The pilot of restored service on the CTA’s #31 31st Street bus route launched in September 2016, and last January the CTA board voted to extend the test until June. Last week Streetsblog reader Cameron Puetz reminded me about the pilot by comparing it to the city of Chicago’s limited test of dockless bike-share on the Far South Side. Puetz argued that, with service hours that only run from 10 a.m. to 7 p.m. and don’t include weekends, the #31 test, like the DoBi pilot, seems designed to fail. Here’s an update on what’s going on with the bus test.

Photo: Jeff Zoline
Photo: Jeff Zoline

Ridership on the #31 route averaged 674 rides each weekday in November 2017. That was 81 percent of the ridership target, and a 23 percent increase over November 2016, according to the CTA. At the May 9, 2018, CTA board meeting, the board voted to extend the #31 pilot until the fall bus service schedule change in September, to allow the CTA to further evaluate ridership and collect more community feedback on the service, according to CTA spokesman Stephen Mayberry. “Extending the #31 pilot through the summer of 2018 allows CTA staffers time to gather further data to evaluate the viability of this bus service.” Mayberry added that the CTA is continuing its efforts to promote the #31 service via ads, social media, and more.

So the 31st Street pilot has a new lease on life. But with its limited hours — which are no help for getting to work or school during the morning rush or doing any sort of weekend trip — how long will ridership stay at acceptable levels before the CTA pulls the plug on the pilot, as it did with the #11 Lincoln Avenue bus test back in August 2017?
  • Is it supposed to a ridership route or a coverage route? Is it to be judged a success based on enough riders or a success because it serves an important service for a needed social purpose. Limited service so an elderly non-working population can shop or make doctors appointments does not need to run weekends and high rush hours to be deemed a success.

    I say this every time an article is written but it I is never posed by the reporter to the CTA. I can only assume that the reporter doesn’t get it. And therefore will will never learn if the CTA gets it.

    This approach is not mine.

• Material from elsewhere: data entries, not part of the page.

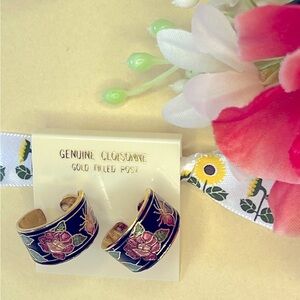 NWOT Vintage Genuine Cloisonné Pierced Earrings with Gold filled Posts
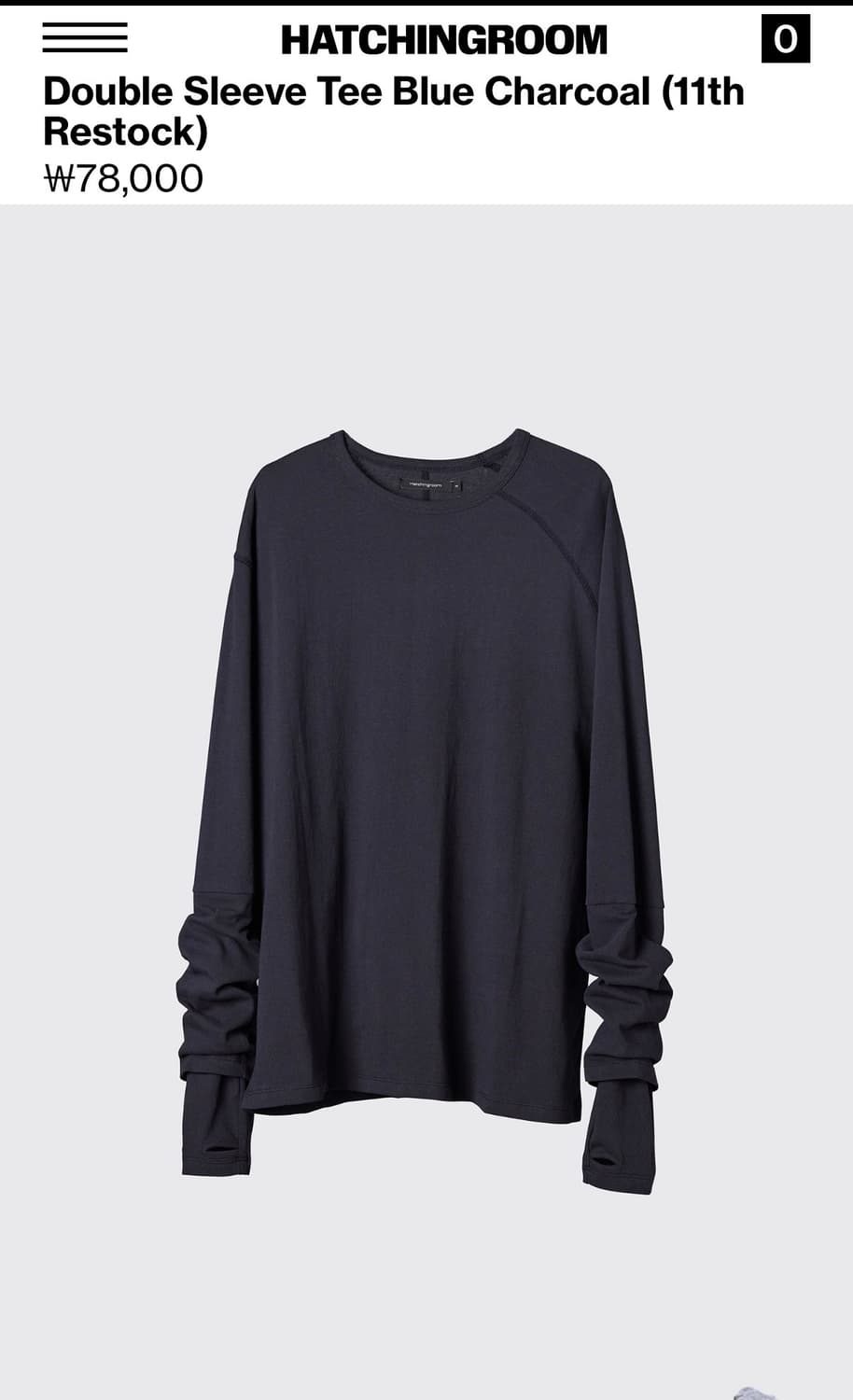 해칭룸 더블슬리브 블루차콜 4사이즈 상품이미지1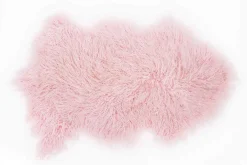 Tibetanisches Lammfell pastellrosa B 80 cm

It comes from Jarrett Walker if I may ‘appeal to authority’.

  • Jeremy

    The #11 Lincoln Avenue route is a head scratcher. Ald Smith advocated hard for reintroducing the route, then kills TOD housing developments that could lead to increased ridership. There is a closed gas station and a closed 7-11 on Lincoln Avenue that could easily be turned into apartment buildings.

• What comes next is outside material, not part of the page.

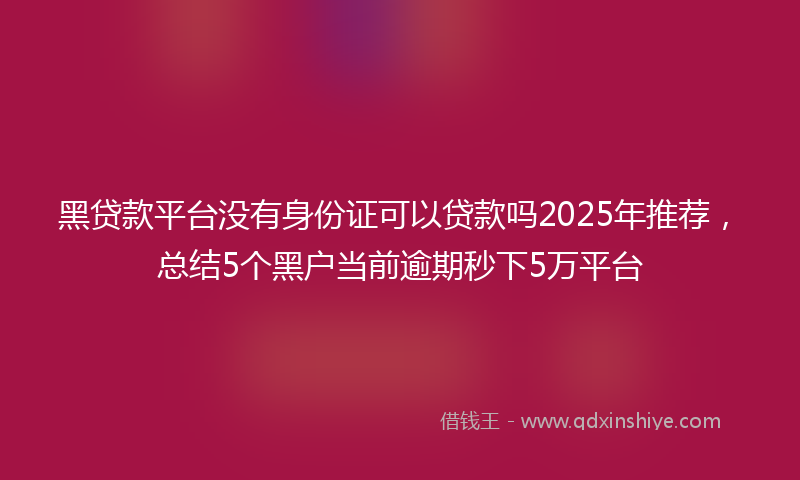 黑贷款平台没有身份证可以贷款吗2025年推荐，总结5个黑户当前逾期秒下5万平台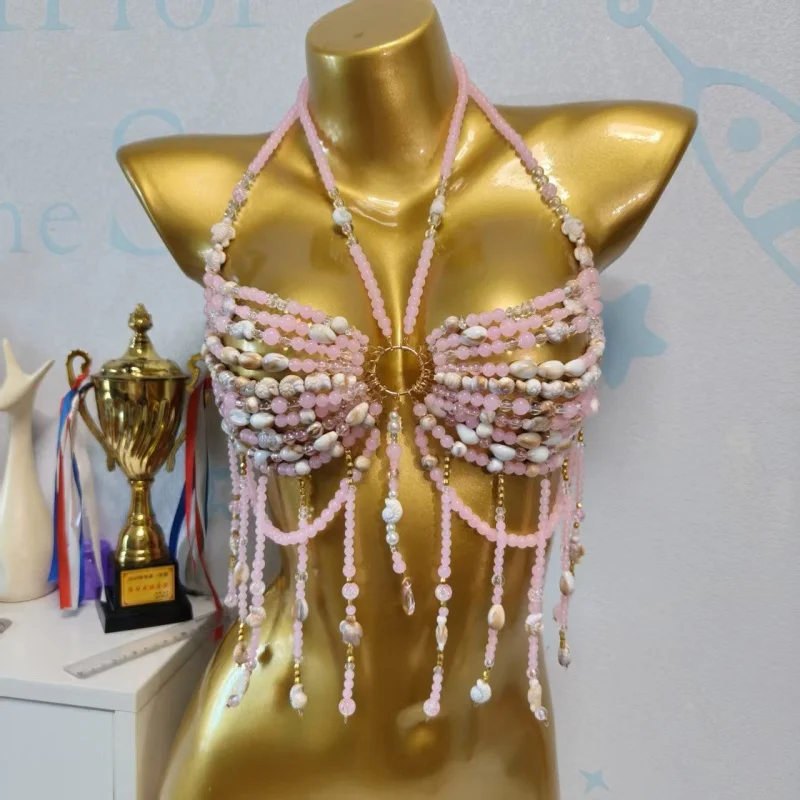 Handgefertigtes Damen-Muschelperlen-Neckholder-Top mit Quastenfransen, Körperkette für Strand, Festival, Boho-Stil, Neckholder-Kristall-Bikini-Oberteil – Detail 7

    https://chicago.curbed.com/2018/4/11/17193604/lincoln-park-transit-oriented-development-gas-station

  • CIAC

    “Limited service so an elderly non-working population can shop or make doctors appointments does not need to run weekends and high rush hours to be deemed a success.”

    Do you have anything to indicate that the #31 bus is used largely by elderly people to shop and go to doctors appointments? What evidence is there that there are a large amount of elderly people living near that route who only are able to have doctors appointments in places where the route travels? If you look at the map you will see that the vast majority of the route is near other bus and train service. And this other service travels through areas that are much more likely to include doctors offices as well as stores than this bus would. You can’t just add routes for the only purpose being to serve the occasional non-mobile person who lives nearby and who may not have other transportation options. That just takes away from other service, which is at least equally as likely to serve the type of population being discussed.

  • Cameron Puetz

    It appears to that the CTA is running it as a coverage route, but I’d question why it wasn’t given a chance to be a ridership route. It connects 3 El lines, a college, and relatively dense neighborhood. With minor tweaks it could also connect to a popular beach. The route seems to have the potential to be a ridership route, but the service to make it one hasn’t been attempted.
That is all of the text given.